The River Neath (Welsh: Afon Nedd) starts as the waters of the Nedd Fechan and Afon Mellte meet at Pontneddfechan then flow down the Vale of Neath to the sea at Swansea Bay. Several short but important rivers are found within the catchment, their flow punctuated by a multitude of waterfalls.
The Nedd Fechan (Little Neath river) offers exceptional interest in its short course from the hills of Fforest Fawr to the Vale of Neath.
Rising at about 650m between the summits of Fan Gyhirych and Fan Fraith, the river turns south to flow over Old Red Sandstone rocks before disappearing into the ground when it reaches the band of Carboniferous Limestone. It shortly reappears and tumbles over a series of cascades and waterfalls formed by resistant bands of sandstone within what were traditionally known as the Millstone Grit Series of rocks (the ‘Marros Group‘ today). Foremost amongst these falls perhaps is Sgwd Ddwli, downstream of Pont Melin-fach.
The river merges with the Afon Hepste at Pontneddfechan to form the Afon Nedd or River Neath.
A former tramway running beside the river from behind the Angel Inn at Pontneddfechan gives access to its lower reaches and to its major west bank tributary, the Afon Pyrddin. The tramway once served a series of silica mines in the gorge. The adits (horizontal tunnels) can still be seen though should not be entered.
This river provides the Geopark with two of its finest waterfalls.
The name Afon Pyrddin may signify ‘river by the striking fortress’ or else ‘sweet-flowing river’. It is for the spectacular fall of Sgwd Gwladus that it is perhaps best known.
The river rises amongst the mix of open moorland and plantations east of Coelbren. It eventually enters a gorge section within which are the two falls of Sgwd Einion Gam and Sgwd Gwladus. The former is difficult of access but the latter is one of the most accessible of the area’s falls and repays a visit.

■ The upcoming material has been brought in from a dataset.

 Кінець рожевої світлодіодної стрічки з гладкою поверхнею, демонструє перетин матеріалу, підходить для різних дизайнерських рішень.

The river joins the Nedd Fechan at Pwll Du ar Byrddin (the ‘black pool of the Pyrddin’).
A river which can boast more impressive waterfalls than any other in the country.

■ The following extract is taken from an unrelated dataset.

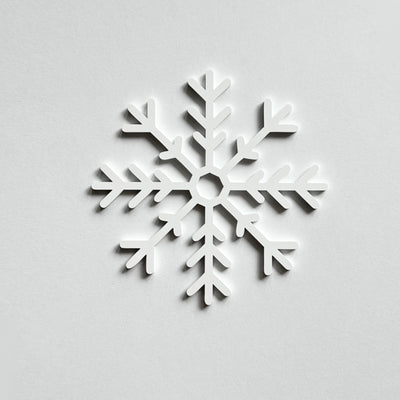 A white snowflake design against a plain white background.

The Afon Llia and the Afon Dringarth combine above Ystradfellte to form the Afon Mellte which flows on down to the Vale of Neath where on joining with the Nedd Fechan, the Afon Nedd or Neath River is born. The headwaters of the Llia and Dringarth are the Old Red Sandstone uplands of Fforest Fawr.
One of the few rivers with a public footpath running underneath it!
Starting as the Afon y Waun on the southern slopes of Fan Fawr, the river assumes the name of Afon Hepste when it is joined by the Nant y Cwrier. It follows a generally south-westward course to its meeting with the Afon Mellte but not before having plunged over the celebrated falls of Sgwd yr Eira.
Short but adventurous – a small river which punches above its weight.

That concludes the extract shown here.